Abstract

Early modern literature about food is found in a range of genres that have traditionally appealed to literary critics, such as drama and poetry, as well as writings that can be less neatly categorized as literary but that tend to have a literary dimension, such as religious sermons, cookery books, and dietary literature, also known as regimens. Food in early modern literature often signals a complex relationship between the body, a sense of self, and the sociopolitical structures that regulated food’s production and consumption in the period.

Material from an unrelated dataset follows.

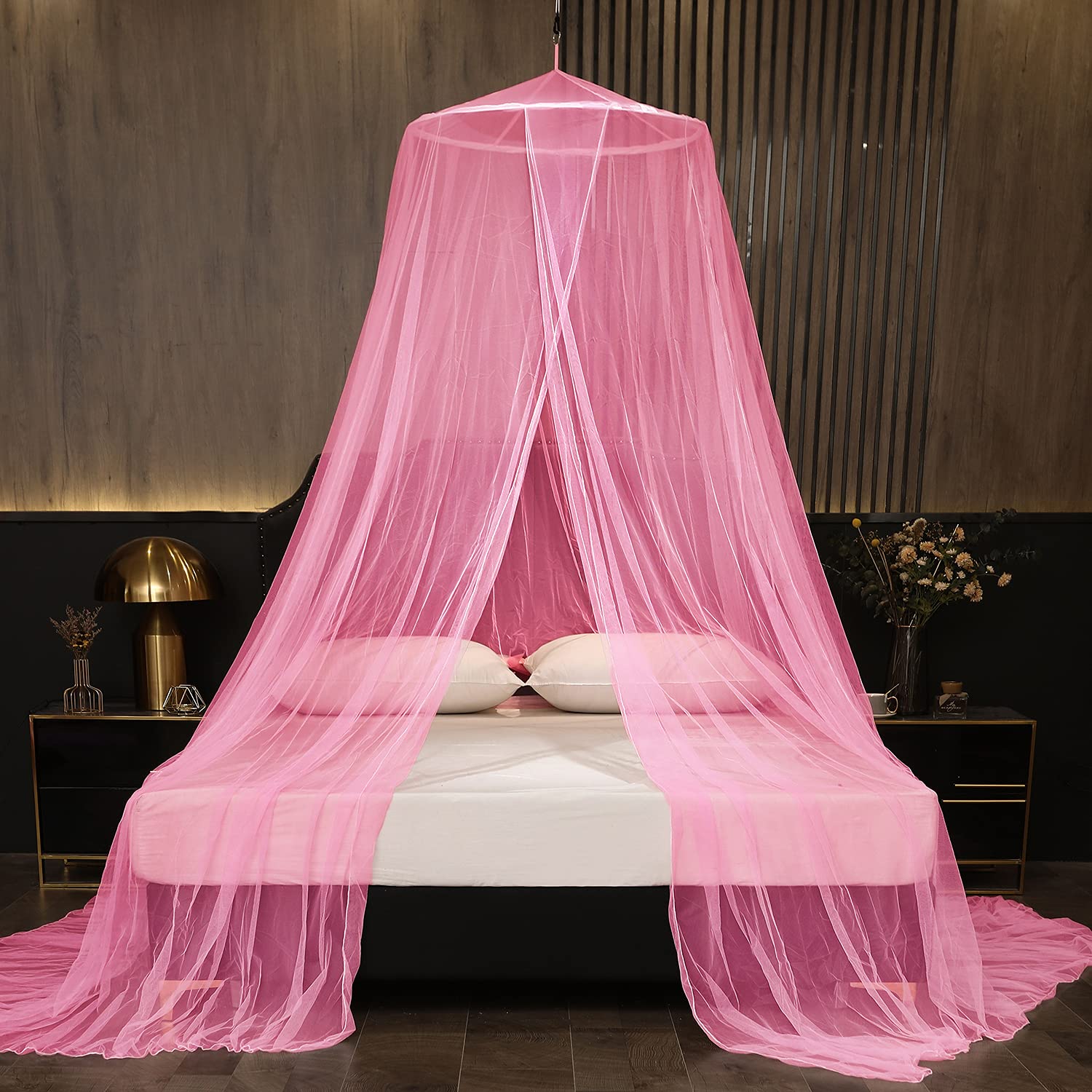 Mengersi Bed Canopy for Girls & Adults - Lace Dome Canopy Curtains for Single, Twin, Full, Queen & King Size Beds - Quick & Easy Installation for Bedroom Decor, Kids Room, Camping & Indoor Play Tent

Writers mentioning food may thereby convey details of narrative, characterization, and motivation but also signal broader social concerns such as the role of women, religious obligations, treatment of the poor, and the status of foreigners. Ordinary staple foods such as bread feature heavily, but so too do exotic foods newly imported into England such as apricots and other fruits that were hard to grow. There is also a fascination with perverse consumption, such as cannibalism (sometimes metaphorical and sometimes literal), which functions as an indication of various modes of alterity. The consumption of food in early modern literature is often grounded in the period in which it was written. A common recurrence is the way in which patterns of consumption signal social and moral responsibility, so that eating and drinking to excess, or taking too much pleasure in them, is considered sinful. Also evident is the shift from medieval communal dining and a sense of feudal obligation and hospitality to strangers to a growing early modern sense of privacy and individualism. Food functions as a complex marker of national, religious, and cultural identity whereby certain foods signify Catholicism or Englishness and other foods, or their preparation, will signify strangeness. Yet food can also be a shorthand way to address issues such as hunger, desire, and disgust.